There was a para-professional in the back of the classroom, in the opposite corner from me, that became a group leader when Clearman took half the students and the para-professional took half the students to work in smaller groups. In the groups, the students finish the workbook questions and, if they work together and are well behaved, Clearman rewards the classroom with a short video – today, the students viewed a short clip from Jimmy Fallon about a husband coming home from the military. While it wasn’t necessary, having something at the end of class that boosted the spirits of the students after a fifty-minute class period about the Black Plague seemed appropriate.
The 7th Hour Urban Literature class – a literature class I have had zero experience in – was on the topic of hip-hop. Students showcased their presentations on various hip-hop groups that express gender relations in the songs. Three groups presented, ranging from artists like Salt-N-Pepa, Queen Latifah, and TLC.
Each presentation required students to give a short biography, and explanation of how their influence carries on today, information on their musical background, and explanation of the impact of their music, and at least one example of a song that relates to the topic of how hip-hop talks about gender. The presentation on Queen Latifah was the most positive of the bunch – the student reciting the Queen Latifah song read the lyrics like a body of lyric poetry. I couldn’t help but think that this presentation or unit in general could be an easy way to transition into a poetry unit. While observing the class, I found myself pondering how I would have approached aspects of this lesson differently if I had coordinated it within my own classroom.

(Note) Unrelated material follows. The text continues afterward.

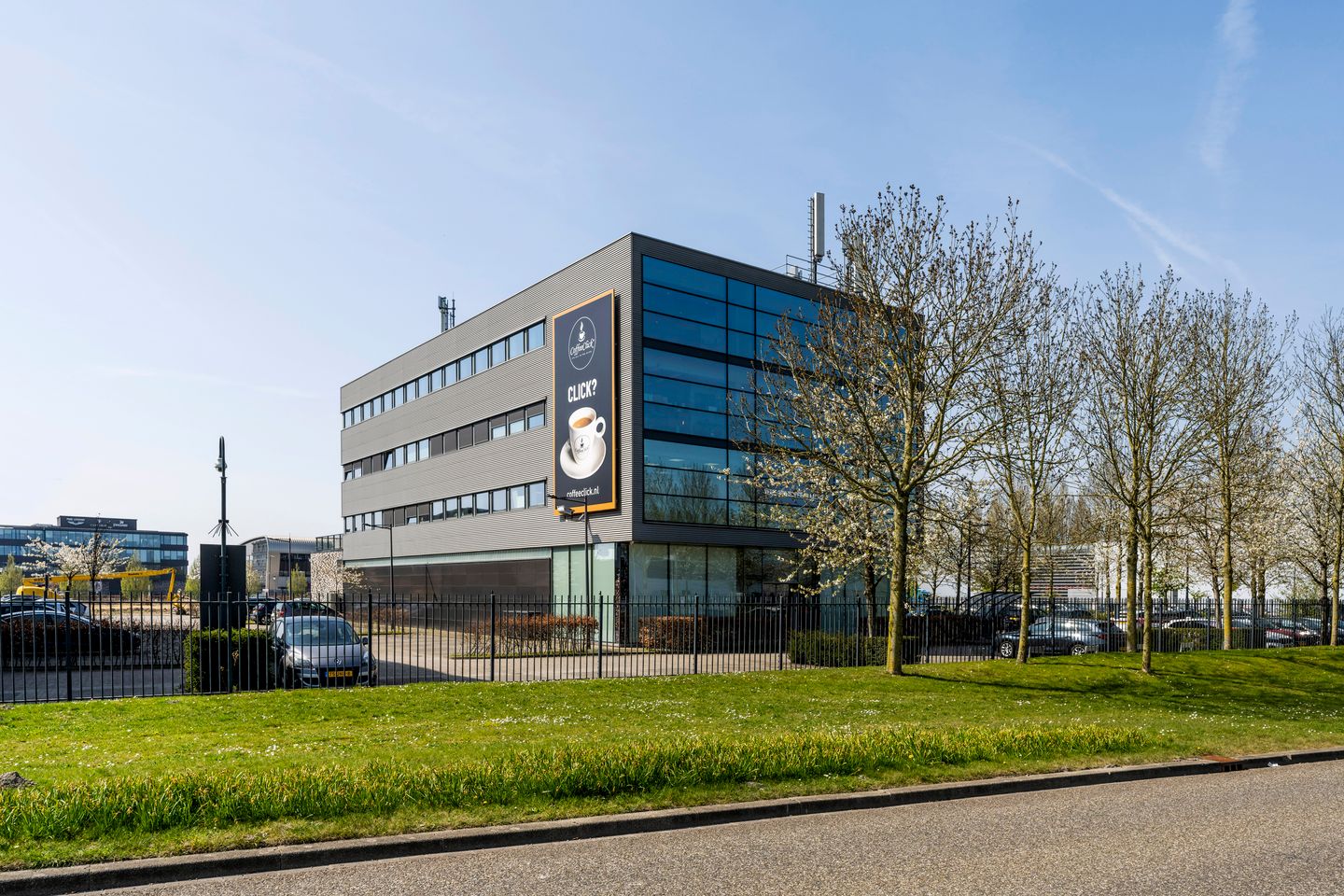 Bekijk foto 3 van New Yorkstraat 2-8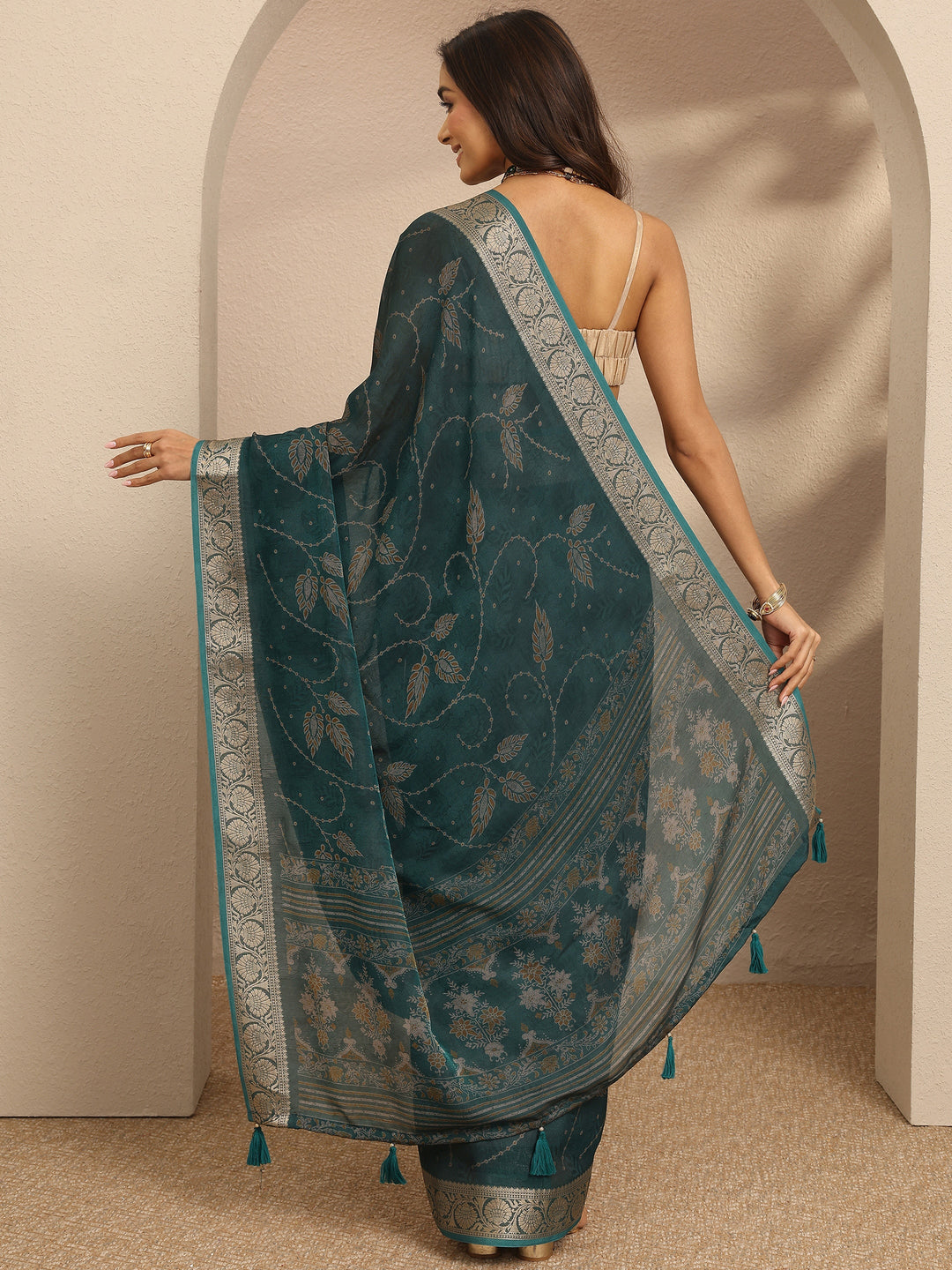  Green Printed Georgette Saree With Unstitched Blouse Piece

Once 8th Hour Study Hall began, Clearman entered the room to meet with me and answer any additional questions I had before the end of the school day. She told me that she was actually an alumnus from United Township High School and hadn’t initially planned on teaching there, but a vacancy opened up and she transitioned easily into the space. The high school was currently undergoing construction – a grand library was being built and new office spaces were being created for faculty, among other things. From what I gathered, the high school is going to be an impressive sight in about two years.
I informed her that I was only experienced with smaller, rural schools; my quick afternoon at UT was an eye-opening experience that I found myself surprisingly comfortable with and eager to continue. I didn’t know what exactly to expect or see when I came to the large school – I couldn’t imagine what a school with thousands of students looked like or how it could ever flow. Seeing Clearman engage with her students eased my fears that I wouldn’t be able to have as personal of a relationship with my students as I hope to have; many of Clearman’s students came up to her just to chit-chat after class.
I’m interested in gaining more experience inside larger high school facilities to see if its an environment that I could picture myself contributing to in the future. Having classrooms with a vast array of diverse students was enlightening and, honestly, refreshing after only having experiences with less diverse classrooms. I was grateful to the WIU English Department for giving me the opportunity and to Ms. Clearman for allowing me to observe her classroom; I’m more confident than ever that my future as an educator was the right decision.